▶ **Task to carry out**
For this exercise, retype all the data exactly and exclude every image.

▶ **Data shown**
*-*-*
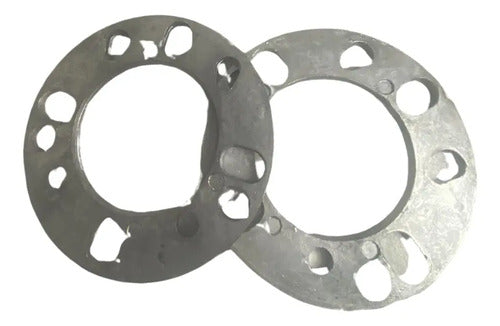 Alargador Espaçador De Rodas Universal 6mm - 4 Unidades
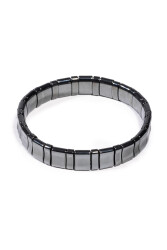 Hematit Doğal Taş Rolex Bileklik (Klasik) - 1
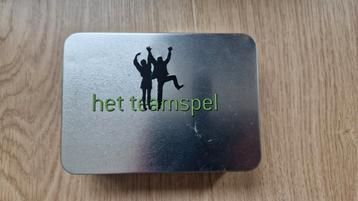 Het Teamspel van Thema beschikbaar voor biedingen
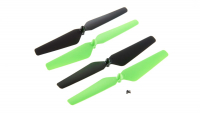 DIDE1154 Propeller Set Grün Ominus FPV Quadcopter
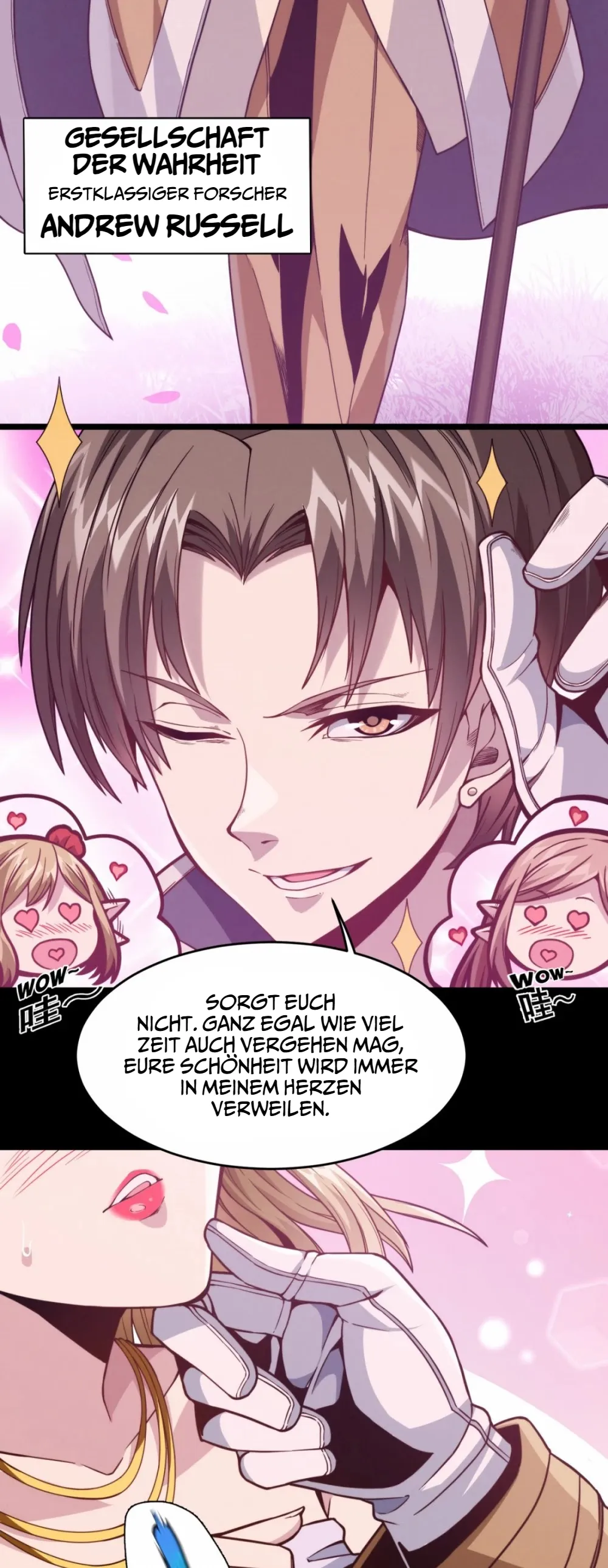 Read I’m Really Not the Devil’s Lackey DE Manga Online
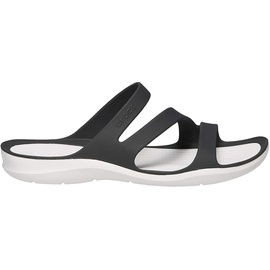 Crocs Swiftwater Sandal W Damen black/white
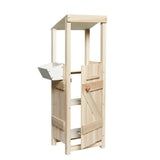 Hobby Horse Stall für 2 Pferde zum Selbstbemalen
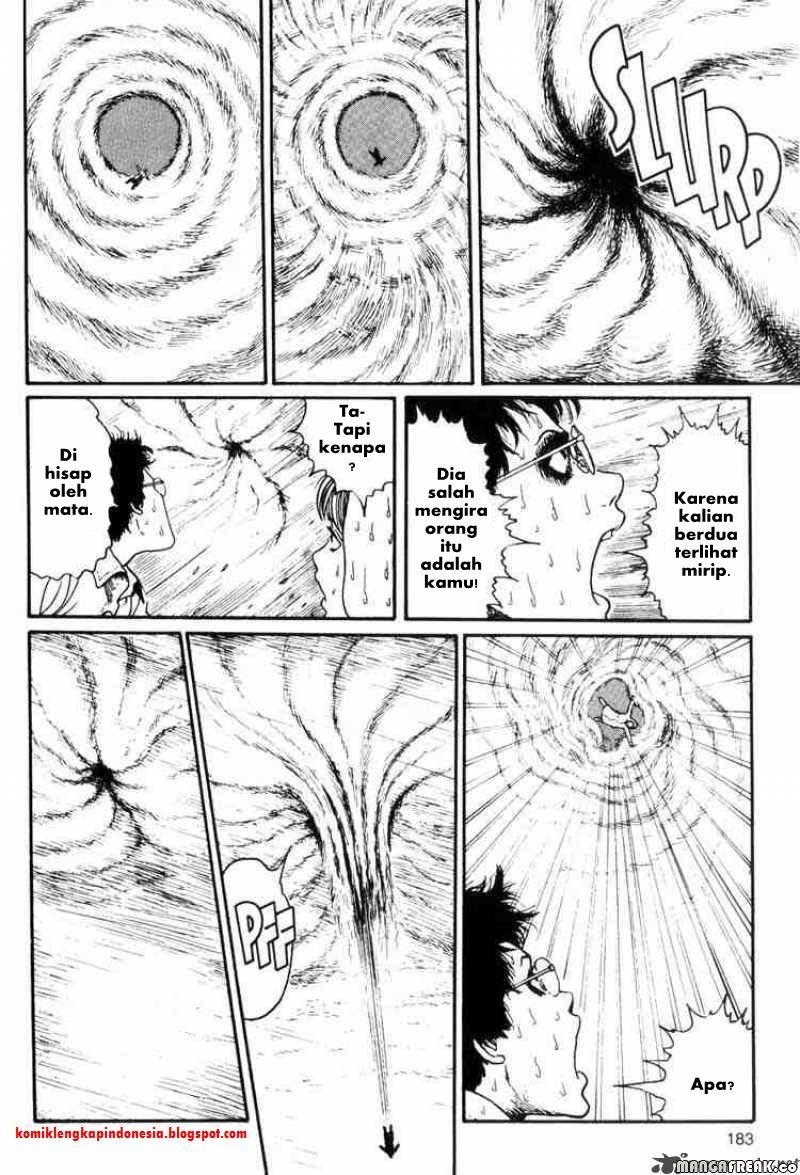 Uzumaki: Spiral into Horror Chapter 12 - halaman 21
*-*-*
▶ **Your solution**
 Alargador Espaçador De Rodas Universal 6mm - 4 Unidades
 Hematit Doğal Taş Rolex Bileklik (Klasik) - 1
 Het Teamspel van Thema beschikbaar voor biedingen
 DIDE1154 Propeller Set Grün Ominus FPV Quadcopter
 Read I’m Really Not the Devil’s Lackey DE Manga Online
 Crocs Swiftwater Sandal W Damen black/white
 Hobby Horse Stall für 2 Pferde zum Selbstbemalen
 Uzumaki: Spiral into Horror Chapter 12 - halaman 21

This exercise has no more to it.